*** Opening of Provided information ***
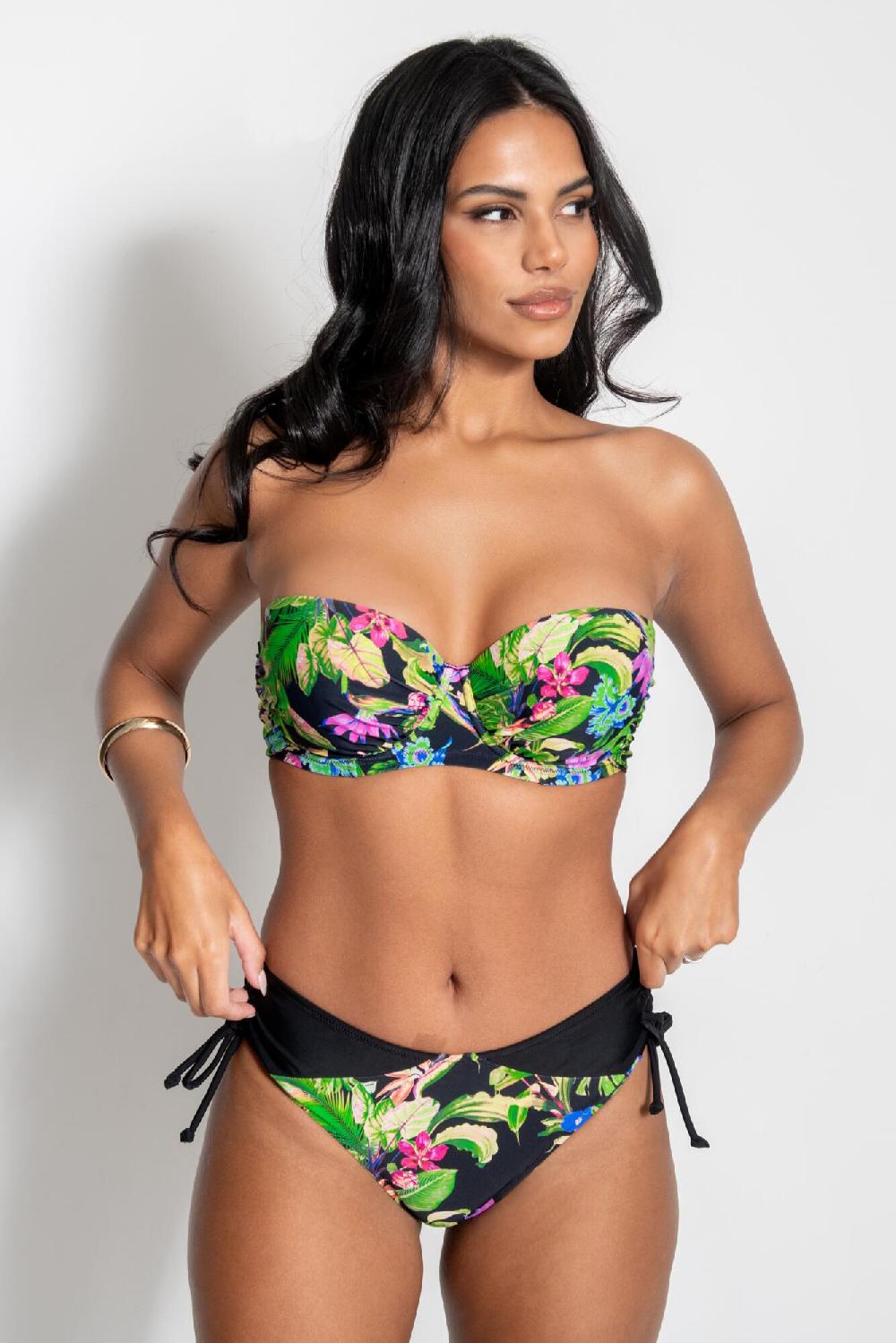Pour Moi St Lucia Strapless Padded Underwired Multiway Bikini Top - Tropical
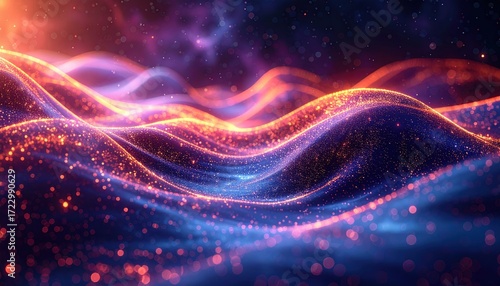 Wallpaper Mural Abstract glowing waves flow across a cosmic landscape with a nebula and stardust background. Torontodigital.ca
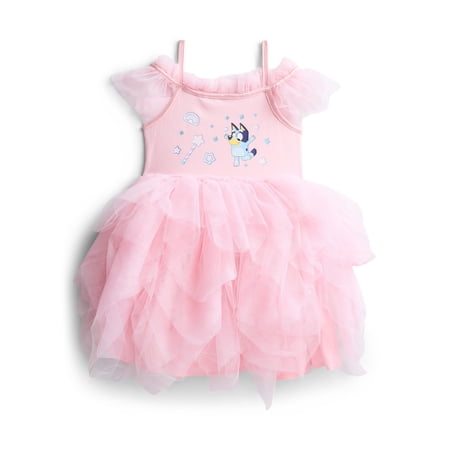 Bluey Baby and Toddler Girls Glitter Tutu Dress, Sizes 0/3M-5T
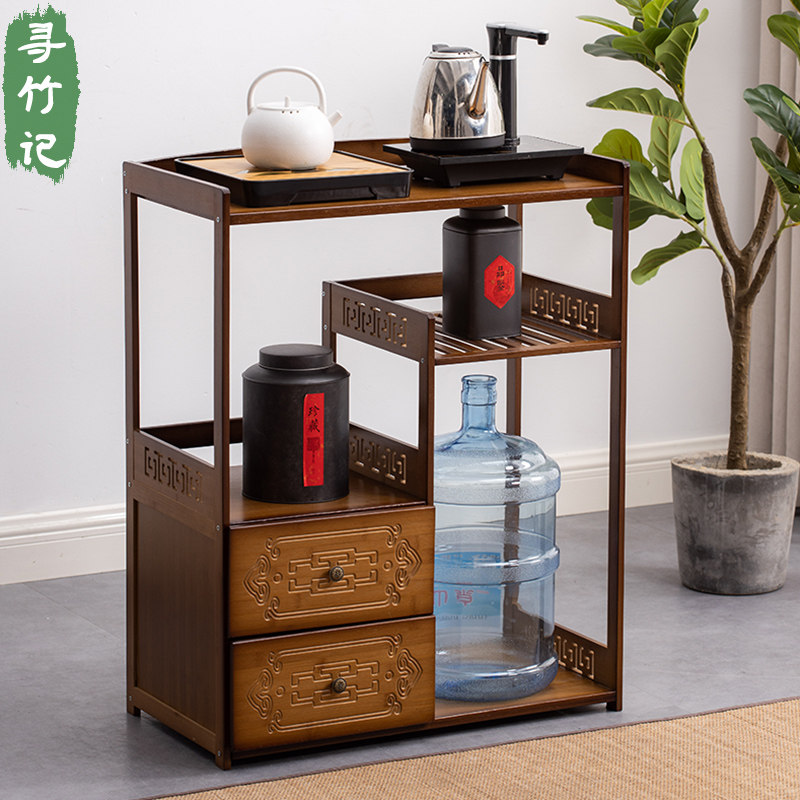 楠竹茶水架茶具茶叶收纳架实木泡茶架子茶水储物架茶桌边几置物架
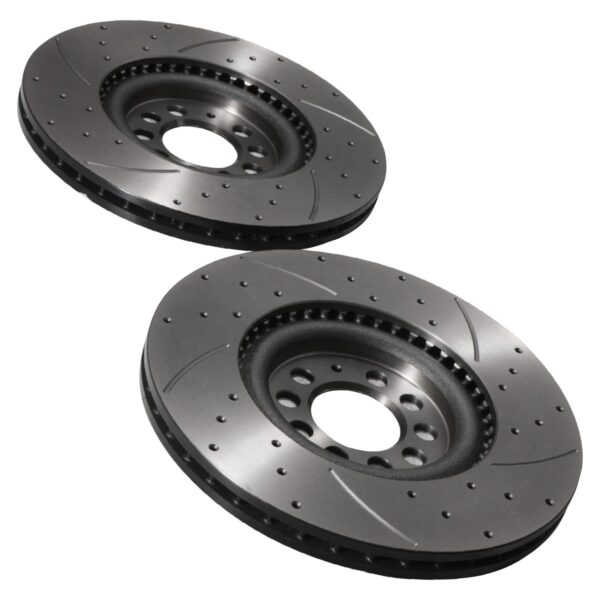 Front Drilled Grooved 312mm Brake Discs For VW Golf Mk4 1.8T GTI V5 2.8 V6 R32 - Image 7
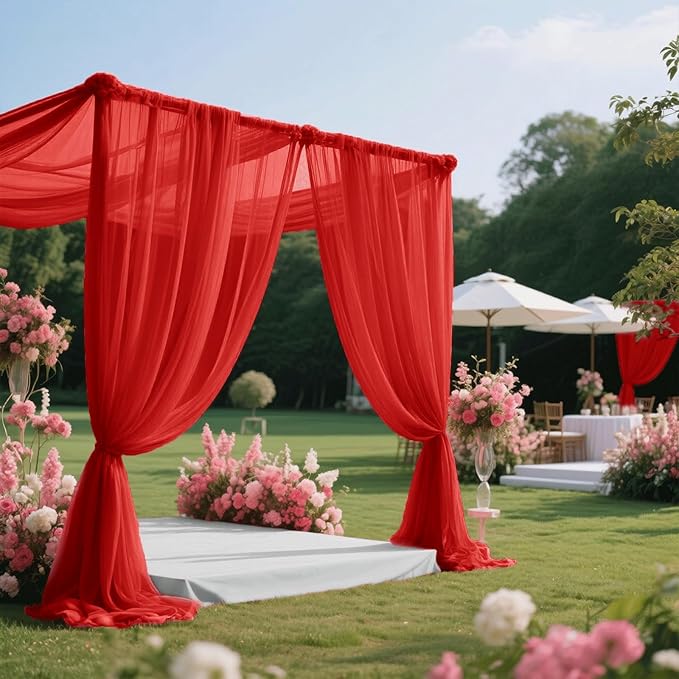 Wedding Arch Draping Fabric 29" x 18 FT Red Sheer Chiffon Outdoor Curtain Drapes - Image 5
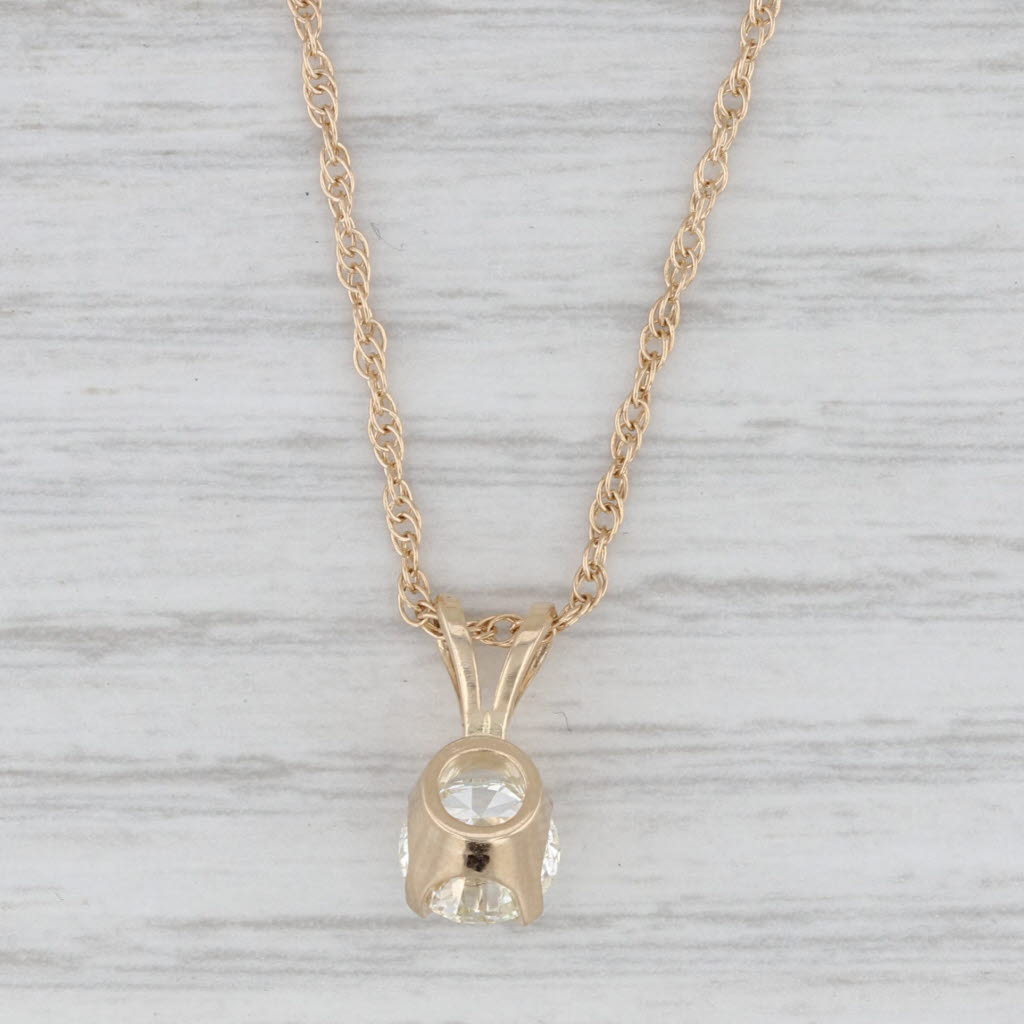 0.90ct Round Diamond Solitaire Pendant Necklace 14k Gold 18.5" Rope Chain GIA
*** Close of Provided information ***
Action item | From the first line of the material down to the line containing "Front Drilled Grooved", inclusive, return each line exactly, skipping any picture.

Result for this task |
Pour Moi St Lucia Strapless Padded Underwired Multiway Bikini Top - Tropical
 Wallpaper Mural Abstract glowing waves flow across a cosmic landscape with a nebula and stardust background. Torontodigital.ca
 Bluey Baby and Toddler Girls Glitter Tutu Dress, Sizes 0/3M-5T
 楠竹茶水架茶具茶叶收纳架实木泡茶架子茶水储物架茶桌边几置物架
 Front Drilled Grooved 312mm Brake Discs For VW Golf Mk4 1.8T GTI V5 2.8 V6 R32 - Image 7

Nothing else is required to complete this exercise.